Walk 30: Buckingham Town Walk: Get out of Gaol free

The ‘Needs to Know’

Distance: 3.1 miles (4.98km)

Time to walk: Not sure the guidance mileage is right on this one as it seemed shorter, but with everything to look at, it’s probably a couple of hours

Difficulty: All on hard paths & very easy. We walked this on a fine February day

Parking: We parked in the Cornwalls Meadow car park (Waitrose) which is near the Old Gaol & really cheap

Public toilets: Lots of pubs etc

Map of the route: map

Buckingham is lovely!

It’s a market town not far from our own Shire & dates back to the 7th century. The literal meaning is “meadow of Bucca’s people” & it’s said to have been founded by the leader of the first Anglo Saxon settlers. The first settlement was located around the top of a loop in the River Great Ouse, presently the Hunter Street campus of the University of Buckingham

Between the 7th & 11th century, the town regularly changed hands between the Saxons & the Danes. In 914 King Edward the Elder & a Saxon army encamped in Buckingham for four weeks forcing local Danish Viking leaders to surrender

Subsequently a fort was constructed at the location of the present Buckingham parish church

The town received its charter in 1554 when Queen Mary created the free borough of Buckingham with boundaries extending from Thornborowe Bridge (now Thornborough) to Dudley Bridge & from Chackmore Bridge to Padbury Mill Bridge

The town suffered from a significant fire on 15th March 1725 & many of the main streets were destroyed including Castle Street, Castle Hill & the north side of Market Hill

This is a great walk to combine with a visit to Stowe Gardens which are just down the road & owned by the National Trust. Have a look at our walk round there…

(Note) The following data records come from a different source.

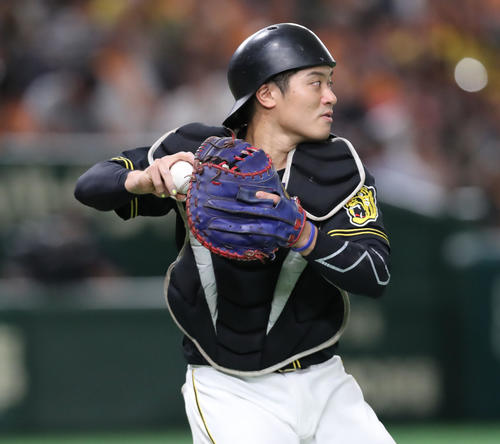 阪神坂本誠志郎（2019年8月18日撮影）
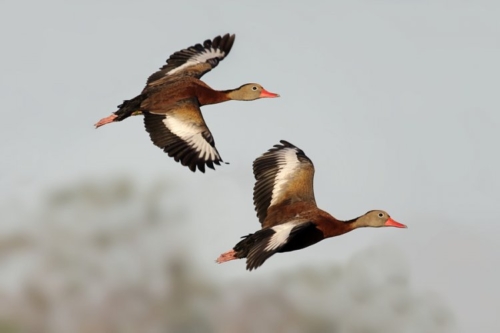 Buy Black Bellied Whistling Ducks Online - Image 3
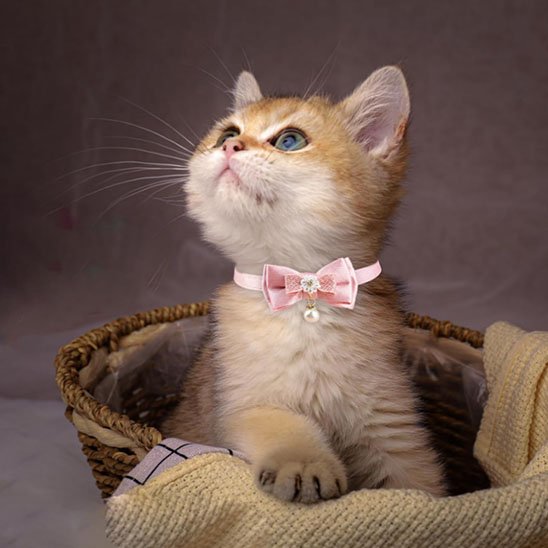 Collier chat anti étranglement nœud papillon rose chic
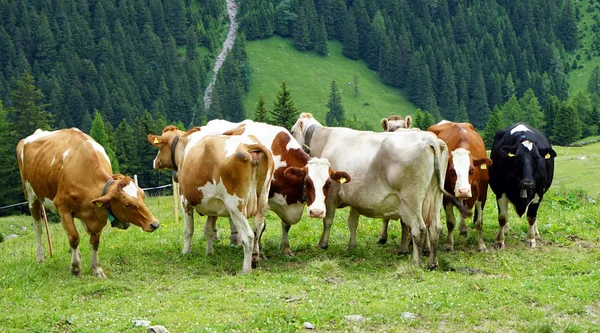 Vacas na grama verde — Fotografia de Stock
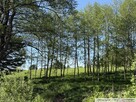 Działki budowlane, Góra Motyczna, gm. Żyraków - 9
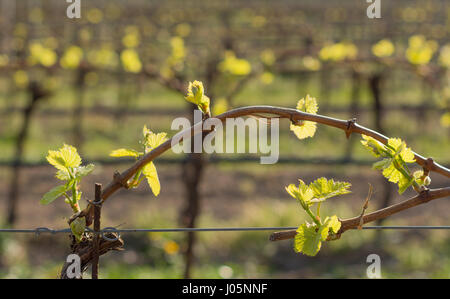 Vineyard in Springtime: Leaves on curved tree branch in countryside,The Guyot method of vine training, South Tyrol, Italy Stock Photo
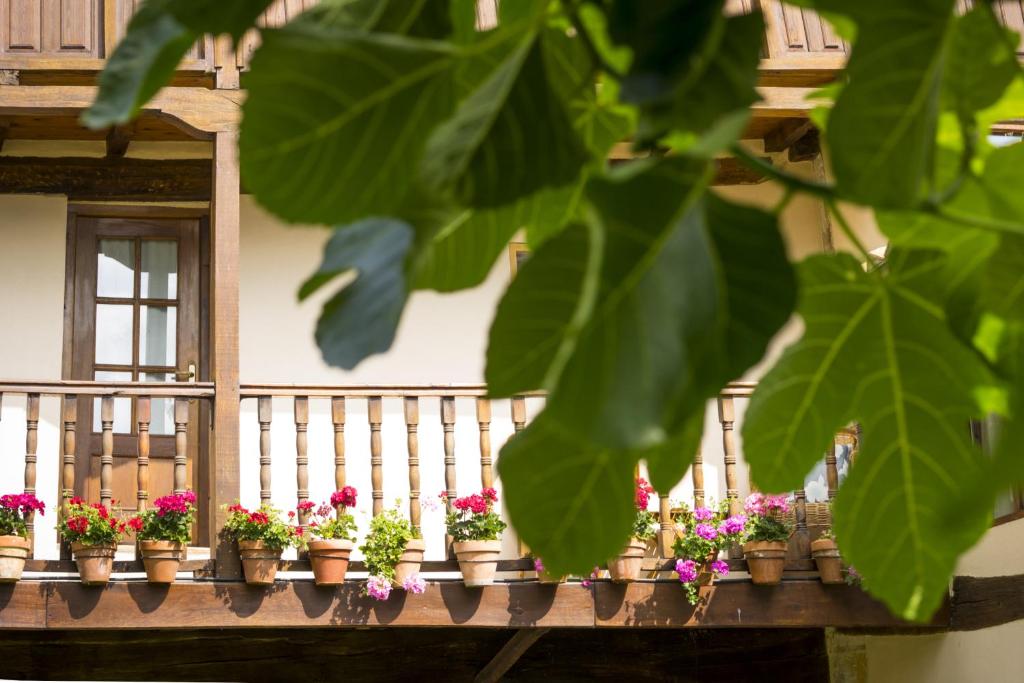 Zahrada ubytování Posada El Prado Mayor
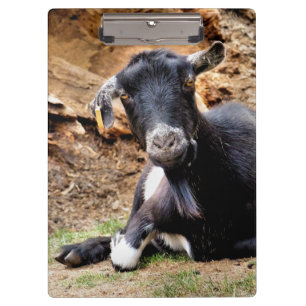 KUSTGOAT KLEMBORD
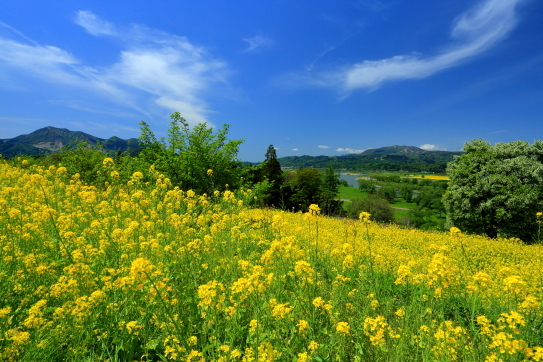 菜の花畑と千曲川と高社山と斑尾山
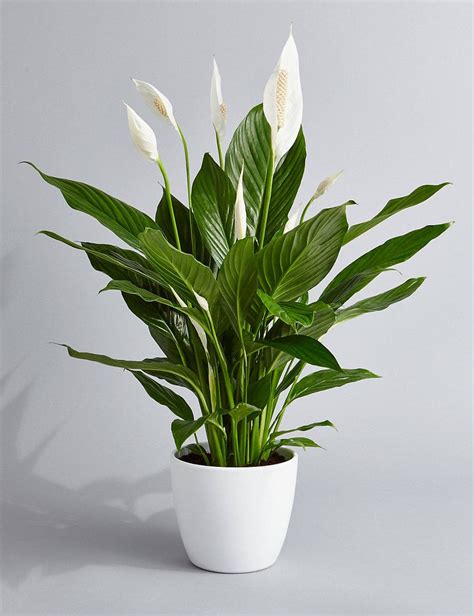 Peace Lily Air Purifying Plant - Easy Care Low Light Houseplant ...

So…shall we go & have a look?

Let’s Walk!

1. Our car park is right in the middle of Buckingham, but just make sure you park in the ‘longer’ stay area which is near the river.  To start the walk we need to head to the right of Waitrose & pass through the alley into the main road…


That back tyre needs a bit of a pump!

That back tyre needs a bit of a pump!

Sounds interesting...

Sounds interesting…

…& here’s the exit onto the street…


2. So welcome to Buckingham!

We’re heading left past what’s probably the main attraction in the town the Old Gaol, which we’ll have a good look at later…



Continue up the left side of the High Street towards the Town Hall at the top…


3. There’s not many ‘foodie’ places in the town, but the butchers, Clays of Buckingham is definitely one of the better. Not the best photo, but the pies etc in the left window are just awesome…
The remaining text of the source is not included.